## Data extract:
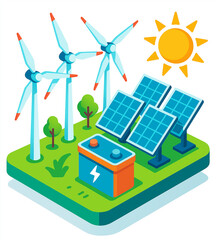 3D solar panel and wind turbine with battery backup isolated on white background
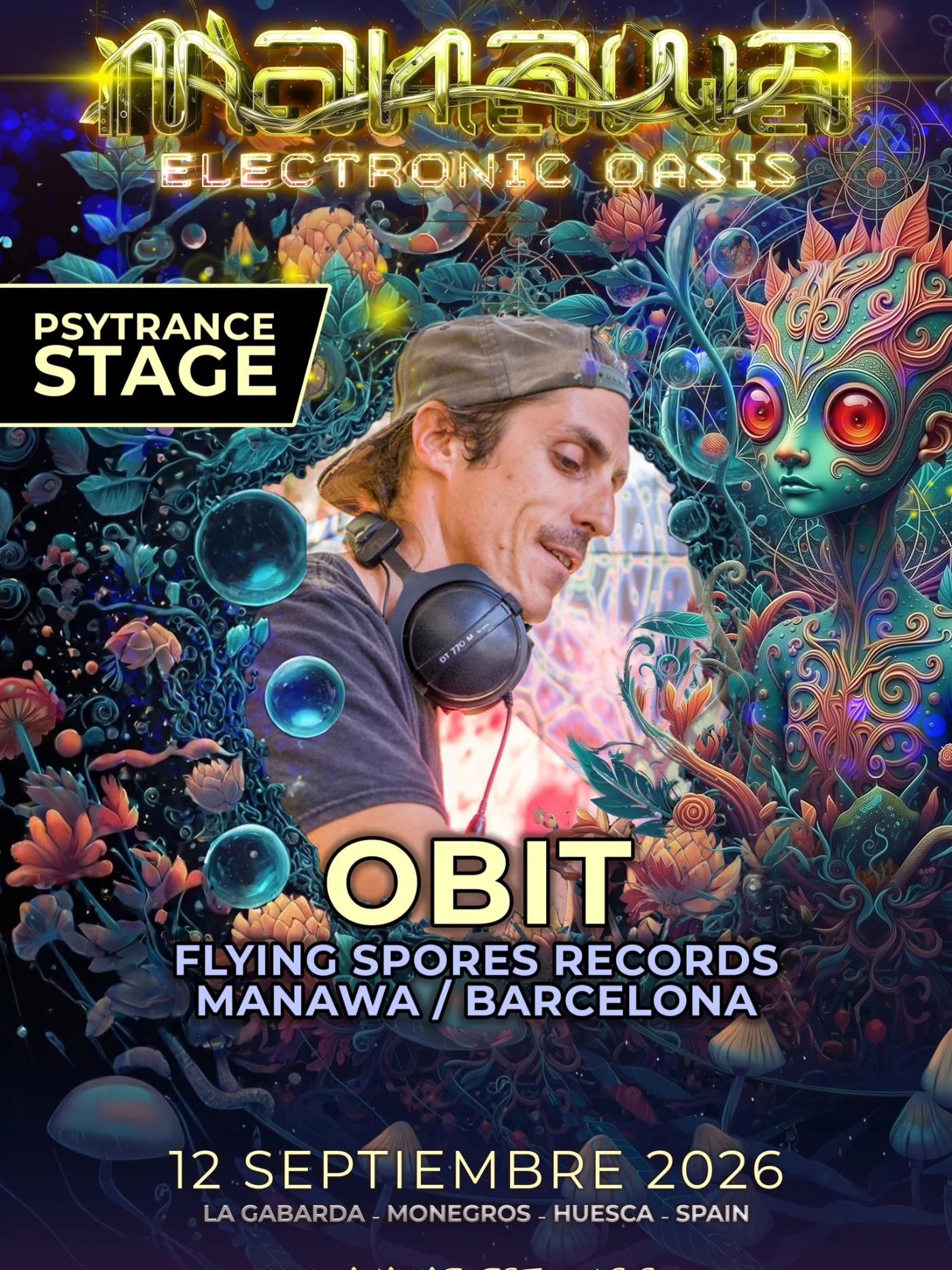 Cartel de OBIT para Manawa Electronic 2026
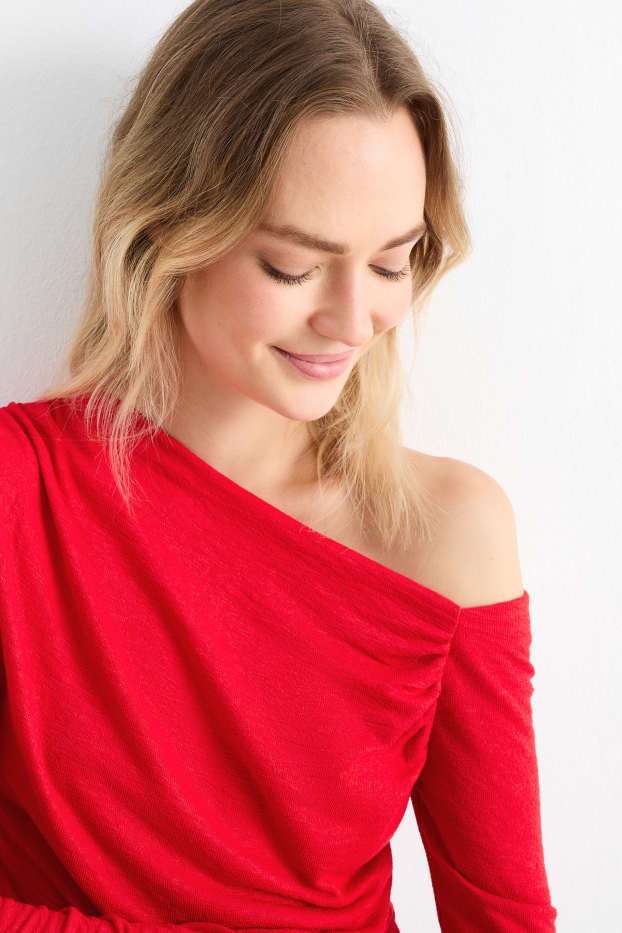 Damen - Langarmshirt - strukturiert - rot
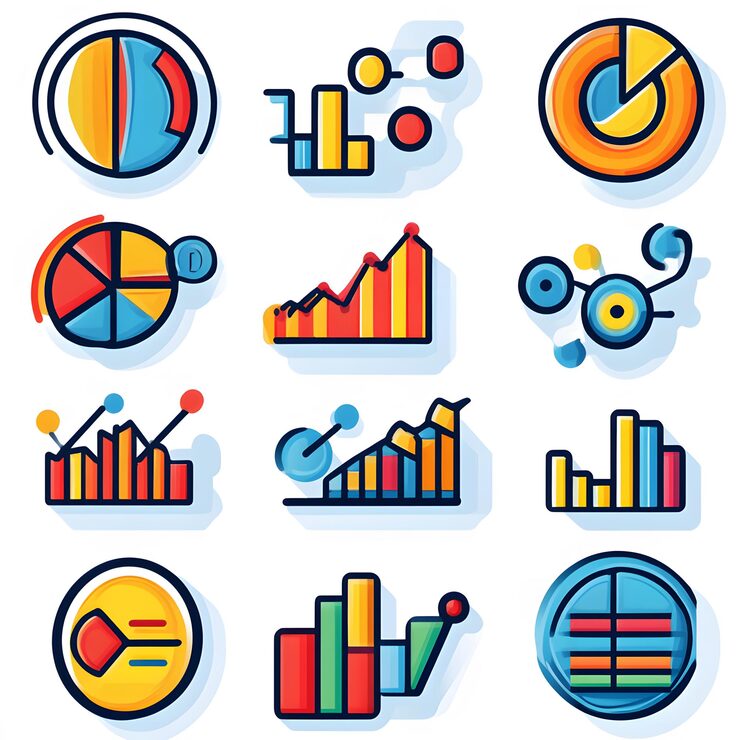 Photo 代表分析概念的圖標集,以及數據圖表,條形圖表和趨勢線的圖像,包括性能測量,統計評估和數據摘要的圖像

## Exercise prompt:
Verbatim output, no pictures: the line holding "Cartel de OBIT para Manawa Electronic 2026" and all lines after it through the last line of the material, with nothing else.

## Output for this task:
 Cartel de OBIT para Manawa Electronic 2026
 Damen - Langarmshirt - strukturiert - rot
 Photo 代表分析概念的圖標集,以及數據圖表,條形圖表和趨勢線的圖像,包括性能測量,統計評估和數據摘要的圖像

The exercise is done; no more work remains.